■ **Directions for this task**:
Copy each line of the records below that mentions the word "Edges".
Top of Dataset excerpts
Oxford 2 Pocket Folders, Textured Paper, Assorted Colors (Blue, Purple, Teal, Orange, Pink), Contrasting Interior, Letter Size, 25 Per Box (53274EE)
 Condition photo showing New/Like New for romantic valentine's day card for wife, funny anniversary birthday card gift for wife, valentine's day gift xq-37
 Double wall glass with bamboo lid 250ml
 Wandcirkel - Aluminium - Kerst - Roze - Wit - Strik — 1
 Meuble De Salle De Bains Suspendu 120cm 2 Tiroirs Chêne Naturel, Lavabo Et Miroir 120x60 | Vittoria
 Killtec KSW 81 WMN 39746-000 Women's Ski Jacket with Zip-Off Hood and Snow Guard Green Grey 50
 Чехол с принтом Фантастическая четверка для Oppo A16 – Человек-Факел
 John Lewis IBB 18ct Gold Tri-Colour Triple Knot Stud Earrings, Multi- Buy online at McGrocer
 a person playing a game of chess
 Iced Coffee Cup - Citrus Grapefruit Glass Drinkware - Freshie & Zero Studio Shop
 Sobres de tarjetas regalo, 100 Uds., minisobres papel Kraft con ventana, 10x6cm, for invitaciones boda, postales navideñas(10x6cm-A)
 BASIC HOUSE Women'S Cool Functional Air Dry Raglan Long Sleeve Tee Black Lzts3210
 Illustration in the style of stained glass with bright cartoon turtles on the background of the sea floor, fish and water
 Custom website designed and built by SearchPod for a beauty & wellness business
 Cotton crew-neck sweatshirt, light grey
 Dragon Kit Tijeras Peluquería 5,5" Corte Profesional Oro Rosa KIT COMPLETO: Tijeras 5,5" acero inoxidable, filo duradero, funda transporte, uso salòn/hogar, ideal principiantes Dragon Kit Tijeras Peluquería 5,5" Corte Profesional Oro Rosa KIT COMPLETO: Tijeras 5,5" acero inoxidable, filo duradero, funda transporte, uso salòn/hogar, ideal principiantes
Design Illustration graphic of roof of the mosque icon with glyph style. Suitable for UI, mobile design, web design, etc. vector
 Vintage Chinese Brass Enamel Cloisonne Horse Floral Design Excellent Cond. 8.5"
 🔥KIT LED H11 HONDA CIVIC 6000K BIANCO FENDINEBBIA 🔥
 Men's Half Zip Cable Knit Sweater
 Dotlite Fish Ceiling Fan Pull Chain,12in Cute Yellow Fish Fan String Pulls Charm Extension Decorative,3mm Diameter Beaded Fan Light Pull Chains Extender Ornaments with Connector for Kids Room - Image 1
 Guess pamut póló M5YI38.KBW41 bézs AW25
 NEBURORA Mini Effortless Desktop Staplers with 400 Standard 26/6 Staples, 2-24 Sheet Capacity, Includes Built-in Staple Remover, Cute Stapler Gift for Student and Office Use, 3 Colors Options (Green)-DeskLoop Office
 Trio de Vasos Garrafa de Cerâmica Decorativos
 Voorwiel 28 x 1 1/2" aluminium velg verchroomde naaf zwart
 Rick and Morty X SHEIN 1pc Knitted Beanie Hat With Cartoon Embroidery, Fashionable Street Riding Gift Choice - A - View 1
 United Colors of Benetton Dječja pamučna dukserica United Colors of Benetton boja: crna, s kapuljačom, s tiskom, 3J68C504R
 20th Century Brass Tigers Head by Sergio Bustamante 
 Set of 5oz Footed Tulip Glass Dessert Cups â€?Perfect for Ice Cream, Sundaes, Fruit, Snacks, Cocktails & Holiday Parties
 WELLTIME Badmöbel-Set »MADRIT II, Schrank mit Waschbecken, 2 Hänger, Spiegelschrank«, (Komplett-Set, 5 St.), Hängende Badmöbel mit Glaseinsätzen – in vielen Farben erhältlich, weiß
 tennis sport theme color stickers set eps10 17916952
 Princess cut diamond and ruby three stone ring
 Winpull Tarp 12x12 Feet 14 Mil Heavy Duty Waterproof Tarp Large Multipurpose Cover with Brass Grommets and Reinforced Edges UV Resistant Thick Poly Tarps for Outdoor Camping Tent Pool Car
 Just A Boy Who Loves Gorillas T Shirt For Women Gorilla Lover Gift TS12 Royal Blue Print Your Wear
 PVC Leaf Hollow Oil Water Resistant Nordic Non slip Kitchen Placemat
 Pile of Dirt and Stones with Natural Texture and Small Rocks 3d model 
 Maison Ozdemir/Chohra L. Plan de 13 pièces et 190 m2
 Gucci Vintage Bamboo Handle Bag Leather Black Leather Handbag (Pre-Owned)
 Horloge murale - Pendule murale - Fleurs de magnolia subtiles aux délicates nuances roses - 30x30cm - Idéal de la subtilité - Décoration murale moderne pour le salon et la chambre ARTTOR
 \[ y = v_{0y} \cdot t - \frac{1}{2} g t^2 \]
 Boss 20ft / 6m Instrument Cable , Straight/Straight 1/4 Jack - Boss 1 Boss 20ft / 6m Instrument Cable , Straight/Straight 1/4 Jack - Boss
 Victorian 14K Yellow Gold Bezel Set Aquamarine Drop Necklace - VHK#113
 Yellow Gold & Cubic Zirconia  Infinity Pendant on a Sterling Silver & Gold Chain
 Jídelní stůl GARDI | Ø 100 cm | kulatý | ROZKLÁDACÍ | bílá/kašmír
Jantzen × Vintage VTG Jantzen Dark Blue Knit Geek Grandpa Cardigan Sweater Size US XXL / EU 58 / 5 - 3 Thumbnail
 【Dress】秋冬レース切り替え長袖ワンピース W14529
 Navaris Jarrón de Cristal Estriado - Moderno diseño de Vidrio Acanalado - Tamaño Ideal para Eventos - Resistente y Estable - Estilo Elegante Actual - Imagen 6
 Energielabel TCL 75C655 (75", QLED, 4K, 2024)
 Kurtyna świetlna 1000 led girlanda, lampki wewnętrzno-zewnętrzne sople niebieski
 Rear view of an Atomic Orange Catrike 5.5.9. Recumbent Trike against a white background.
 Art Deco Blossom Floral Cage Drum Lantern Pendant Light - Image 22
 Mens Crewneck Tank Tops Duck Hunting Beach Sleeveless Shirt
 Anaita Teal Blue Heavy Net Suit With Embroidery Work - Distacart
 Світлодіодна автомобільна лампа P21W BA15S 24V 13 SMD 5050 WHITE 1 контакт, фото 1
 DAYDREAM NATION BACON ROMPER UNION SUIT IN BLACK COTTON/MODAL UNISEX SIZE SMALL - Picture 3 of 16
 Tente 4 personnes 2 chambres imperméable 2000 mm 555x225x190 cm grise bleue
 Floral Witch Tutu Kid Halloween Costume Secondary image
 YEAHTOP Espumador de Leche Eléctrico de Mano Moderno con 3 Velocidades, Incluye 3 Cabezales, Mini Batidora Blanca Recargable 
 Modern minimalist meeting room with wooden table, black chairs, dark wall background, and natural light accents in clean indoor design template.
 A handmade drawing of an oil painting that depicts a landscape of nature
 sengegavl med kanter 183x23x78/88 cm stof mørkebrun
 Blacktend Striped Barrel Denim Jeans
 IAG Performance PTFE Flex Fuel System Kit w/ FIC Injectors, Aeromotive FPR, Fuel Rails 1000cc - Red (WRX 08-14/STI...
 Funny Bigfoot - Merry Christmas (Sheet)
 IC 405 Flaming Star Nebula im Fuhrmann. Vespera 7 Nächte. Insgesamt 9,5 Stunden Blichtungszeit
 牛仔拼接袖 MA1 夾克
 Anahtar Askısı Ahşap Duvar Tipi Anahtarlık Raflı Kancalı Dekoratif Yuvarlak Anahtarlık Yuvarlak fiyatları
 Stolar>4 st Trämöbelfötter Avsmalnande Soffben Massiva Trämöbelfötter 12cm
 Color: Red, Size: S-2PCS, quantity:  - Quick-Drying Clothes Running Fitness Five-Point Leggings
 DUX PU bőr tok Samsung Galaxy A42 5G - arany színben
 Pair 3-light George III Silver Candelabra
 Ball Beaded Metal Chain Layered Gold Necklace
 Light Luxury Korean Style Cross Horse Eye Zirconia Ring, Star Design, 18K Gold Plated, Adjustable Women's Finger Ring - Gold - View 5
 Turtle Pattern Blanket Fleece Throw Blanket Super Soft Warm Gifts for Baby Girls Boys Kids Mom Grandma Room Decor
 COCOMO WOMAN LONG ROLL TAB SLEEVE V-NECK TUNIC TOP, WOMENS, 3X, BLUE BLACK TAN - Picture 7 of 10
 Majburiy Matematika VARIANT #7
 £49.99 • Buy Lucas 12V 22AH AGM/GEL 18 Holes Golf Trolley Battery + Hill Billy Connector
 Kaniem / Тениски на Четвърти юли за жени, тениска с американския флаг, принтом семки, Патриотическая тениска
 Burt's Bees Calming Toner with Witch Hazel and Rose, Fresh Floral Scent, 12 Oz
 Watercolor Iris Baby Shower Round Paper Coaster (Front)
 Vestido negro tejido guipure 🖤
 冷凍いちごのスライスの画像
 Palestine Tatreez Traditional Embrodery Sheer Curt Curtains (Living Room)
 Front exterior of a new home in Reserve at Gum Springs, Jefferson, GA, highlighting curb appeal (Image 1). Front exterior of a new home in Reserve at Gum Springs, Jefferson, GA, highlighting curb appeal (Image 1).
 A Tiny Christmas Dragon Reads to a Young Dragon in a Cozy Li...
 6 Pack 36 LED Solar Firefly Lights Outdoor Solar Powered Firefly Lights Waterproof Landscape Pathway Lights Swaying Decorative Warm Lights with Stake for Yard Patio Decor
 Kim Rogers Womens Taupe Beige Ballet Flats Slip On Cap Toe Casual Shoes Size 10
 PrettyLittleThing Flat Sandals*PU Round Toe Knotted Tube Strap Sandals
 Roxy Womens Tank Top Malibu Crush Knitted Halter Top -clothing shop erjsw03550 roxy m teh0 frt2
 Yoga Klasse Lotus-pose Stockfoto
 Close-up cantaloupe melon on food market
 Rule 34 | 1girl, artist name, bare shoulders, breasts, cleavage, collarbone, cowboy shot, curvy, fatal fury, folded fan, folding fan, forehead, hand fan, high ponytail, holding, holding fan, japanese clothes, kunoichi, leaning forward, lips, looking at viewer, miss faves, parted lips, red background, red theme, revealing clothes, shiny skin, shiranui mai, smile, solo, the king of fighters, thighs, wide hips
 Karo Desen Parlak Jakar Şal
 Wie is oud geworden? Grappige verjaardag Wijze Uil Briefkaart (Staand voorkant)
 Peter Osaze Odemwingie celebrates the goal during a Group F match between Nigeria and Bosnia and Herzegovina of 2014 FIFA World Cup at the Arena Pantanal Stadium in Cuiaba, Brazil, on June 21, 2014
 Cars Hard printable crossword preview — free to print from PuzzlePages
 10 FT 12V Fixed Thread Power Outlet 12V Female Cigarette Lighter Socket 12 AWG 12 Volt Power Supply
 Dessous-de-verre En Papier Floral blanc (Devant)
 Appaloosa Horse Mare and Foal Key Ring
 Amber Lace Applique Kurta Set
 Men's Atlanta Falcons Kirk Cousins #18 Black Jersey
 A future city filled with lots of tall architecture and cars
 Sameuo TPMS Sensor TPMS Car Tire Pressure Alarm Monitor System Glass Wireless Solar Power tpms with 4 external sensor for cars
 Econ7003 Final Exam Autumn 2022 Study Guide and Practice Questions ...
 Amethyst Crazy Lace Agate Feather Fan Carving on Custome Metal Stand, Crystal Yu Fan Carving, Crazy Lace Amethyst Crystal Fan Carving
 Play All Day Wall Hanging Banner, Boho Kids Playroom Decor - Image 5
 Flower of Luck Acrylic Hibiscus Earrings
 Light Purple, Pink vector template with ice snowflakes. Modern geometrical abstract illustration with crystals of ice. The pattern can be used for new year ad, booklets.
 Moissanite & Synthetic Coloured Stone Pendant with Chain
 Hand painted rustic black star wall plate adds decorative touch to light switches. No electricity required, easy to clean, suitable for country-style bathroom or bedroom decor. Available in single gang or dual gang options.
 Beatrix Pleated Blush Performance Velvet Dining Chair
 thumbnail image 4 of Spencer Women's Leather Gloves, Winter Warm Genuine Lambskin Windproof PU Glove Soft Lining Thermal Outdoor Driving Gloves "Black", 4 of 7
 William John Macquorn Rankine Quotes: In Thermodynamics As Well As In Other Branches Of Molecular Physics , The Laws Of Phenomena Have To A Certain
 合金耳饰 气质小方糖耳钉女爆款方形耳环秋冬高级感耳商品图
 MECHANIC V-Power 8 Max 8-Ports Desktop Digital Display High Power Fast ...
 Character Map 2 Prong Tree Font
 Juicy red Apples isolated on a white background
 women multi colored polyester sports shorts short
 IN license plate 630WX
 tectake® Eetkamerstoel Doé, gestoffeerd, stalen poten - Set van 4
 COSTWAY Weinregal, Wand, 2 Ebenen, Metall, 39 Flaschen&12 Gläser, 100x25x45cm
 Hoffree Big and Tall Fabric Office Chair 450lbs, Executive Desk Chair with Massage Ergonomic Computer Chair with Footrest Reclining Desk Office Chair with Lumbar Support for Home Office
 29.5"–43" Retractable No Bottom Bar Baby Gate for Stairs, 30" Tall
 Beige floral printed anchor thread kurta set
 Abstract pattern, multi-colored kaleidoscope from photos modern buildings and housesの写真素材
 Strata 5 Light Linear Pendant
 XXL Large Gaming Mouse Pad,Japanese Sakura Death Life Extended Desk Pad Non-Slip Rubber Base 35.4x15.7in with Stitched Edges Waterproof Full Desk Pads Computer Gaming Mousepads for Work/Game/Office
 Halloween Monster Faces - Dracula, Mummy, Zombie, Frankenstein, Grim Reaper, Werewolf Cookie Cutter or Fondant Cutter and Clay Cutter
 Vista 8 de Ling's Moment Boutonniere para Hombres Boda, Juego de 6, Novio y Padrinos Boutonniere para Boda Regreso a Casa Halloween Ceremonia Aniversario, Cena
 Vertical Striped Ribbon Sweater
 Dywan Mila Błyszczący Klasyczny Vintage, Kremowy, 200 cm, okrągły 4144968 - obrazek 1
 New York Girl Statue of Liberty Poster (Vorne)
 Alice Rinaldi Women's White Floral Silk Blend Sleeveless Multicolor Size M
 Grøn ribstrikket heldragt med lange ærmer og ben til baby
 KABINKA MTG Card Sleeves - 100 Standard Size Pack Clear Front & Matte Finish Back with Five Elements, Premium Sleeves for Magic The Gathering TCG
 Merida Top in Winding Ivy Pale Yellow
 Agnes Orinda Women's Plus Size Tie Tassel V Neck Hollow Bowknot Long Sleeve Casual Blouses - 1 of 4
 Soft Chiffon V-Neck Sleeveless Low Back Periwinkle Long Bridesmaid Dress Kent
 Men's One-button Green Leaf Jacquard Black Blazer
Bottom of Dataset excerpts
■ **Output**:
 Winpull Tarp 12x12 Feet 14 Mil Heavy Duty Waterproof Tarp Large Multipurpose Cover with Brass Grommets and Reinforced Edges UV Resistant Thick Poly Tarps for Outdoor Camping Tent Pool Car
 XXL Large Gaming Mouse Pad,Japanese Sakura Death Life Extended Desk Pad Non-Slip Rubber Base 35.4x15.7in with Stitched Edges Waterproof Full Desk Pads Computer Gaming Mousepads for Work/Game/Office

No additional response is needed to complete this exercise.